Higher offshore limits should support returns while lowering volatility
Changes to the offshore investment limits announced in this year’s budget speech have increased the maximum (non-SA) allowance of a Regulation-28 fund to 40%, comprising 30% non-African investments and 10% to Africa (ex-SA). Investec Asset Management welcomes the increased limits as they broaden the opportunity set available to South African savers and are more closely aligned to our own estimates of the optimal geographical allocation of SA savings. In our view, this larger investment opportunity will support returns while lowering volatility. Twenty years ago, institutional investors could only invest up to a maximum of 10% outside of SA. Multi-asset funds were thus predominantly local investments, exposed only to the SA economy and local market dynamics. Today, the non-SA exposure makes up a meaningful stake of any member’s retirement savings. The recent announcement raises the prospect of further increases to non-SA exposure. While this has the potential to deliver a more attractive outcome, it may also pose an additional risk to local savers if not correctly managed.
Below, we set out the key considerations in managing long-term retirement savings for South African investors in the context of increased global flexibility. In short, this opportunity requires greater responsibility from asset allocators and trustees of retirement funds in making investment decisions.
What are the risks when managing local and foreign assets independently?
Offshore assets now make up a sizeable portion of retirement funds. Yet, these assets are often managed independently by third-party managers as stand-alone portfolios. When separating the on- and offshore asset allocation and asset selection decision, the combined portfolio may generate a suboptimal risk-return outcome. By not explicitly recognising and managing the interdependence of various parts of the portfolio, investors are exposed to:
- Increased volatility of the overall portfolio as a result of unintended risks.
The risk is highest where exposures or investment themes are replicated across different parts of the portfolio, independently. For example, adding more emerging market (EM) risk to a multi-asset portfolio may be an attractive investment and a good diversifier for a global investor, but not necessarily for an SA fund. When offshore and onshore assets are too closely correlated, the overall portfolio could have too much exposure to an asset class, equity sector or specific macroeconomic factors. Increasing the overall volatility in a portfolio could result in significant potential downside risk.

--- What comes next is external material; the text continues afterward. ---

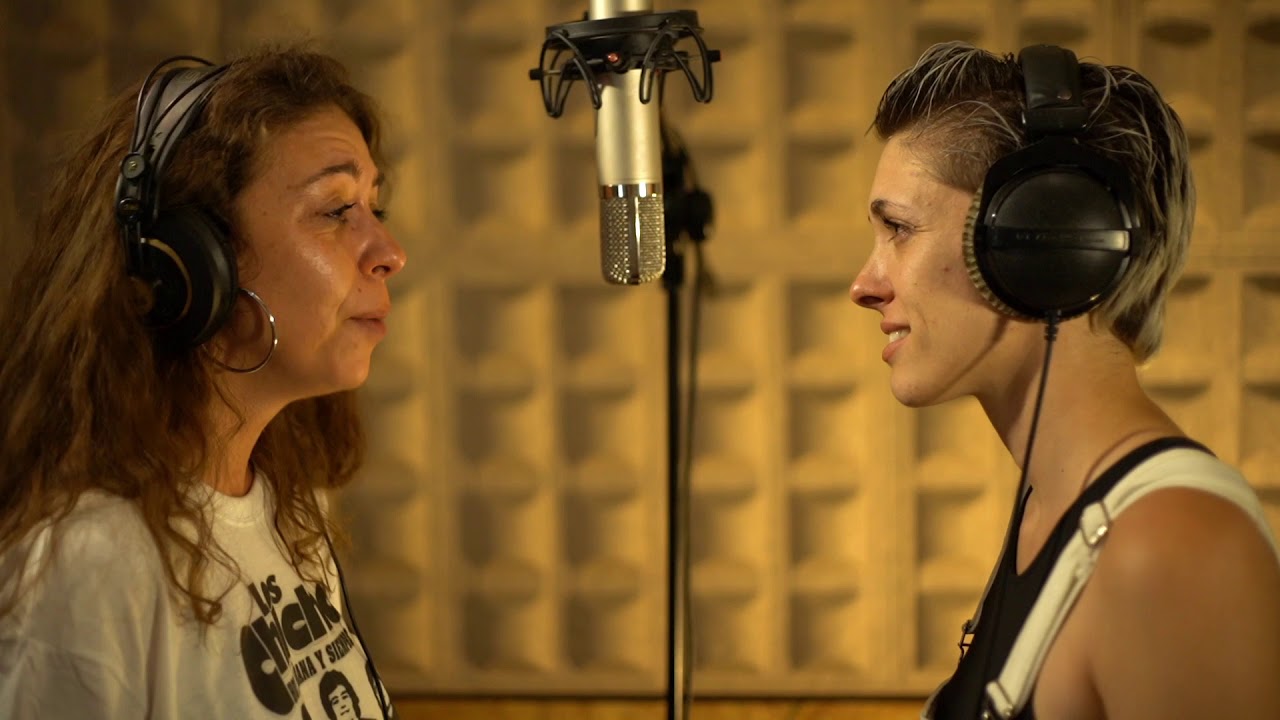 S.O.S - Ondina y Sandra Carrasco (Videoclip Oficial)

- The inability to act in a coordinated and consistent manner to new and changing investment opportunities.
Material changes within the on- or offshore component of the portfolio, will have an impact on the return profile of the overall portfolio. Where such changes are made independently, often by different investment managers due to separate mandates and/or different objectives, the resultant portfolio may lack a clear and risk-aware positioning. Even a broad, philosophical alignment between different managers is not enough to adequately manage the overall portfolio when decisions are taken independently.
- A lack of proper risk control. When clients, their consultants or investment managers outsource the on- or offshore assets to different managers, the access to real-time information of underlying investments can be severely compromised. The lack of see-through data makes proper risk control of the fund near impossible. In such cases, underlying assets may only be known to clients or even the manager of the portfolio after long delays. Material exposures or near identical bets may be unknown to the manager of the portfolio.
- Cost implications. Outsourcing the offshore portion of a portfolio to other offshore managers could result in additional layers of investment management fees.
In summary, a combination of stand-alone strategies tends to result in a suboptimal outcome. The risks pointed out above are further amplified in light of the increased capacity to allocate capital offshore.
Factors to consider when selecting a fund manager
As the domestic and global assets form part of a single integrated portfolio, an investment manager should ensure that the assets are complementary. Hence, appointing a manager that has the ability to manage the on- and offshore assets of a retirement fund holistically is crucial. Here are some important questions to consider when assessing fund managers:
- Has the manager clearly defined its geographic approach?
Is there a consistent philosophy and process with regard to managing domestic and offshore assets and therefore in terms of the overall portfolio? Does the manager currently have full insight into all assets held and decisions being implemented in the portfolio it manages for clients?
- Does the manager have the necessary skill set – both locally and offshore – to be an effective allocator and selector of both domestic and global assets?
- Does the manager have a static, passive approach to the asset allocation and/or selection of global assets? Such an approach may not be sufficient to enhance total risk-adjusted returns for pension savers.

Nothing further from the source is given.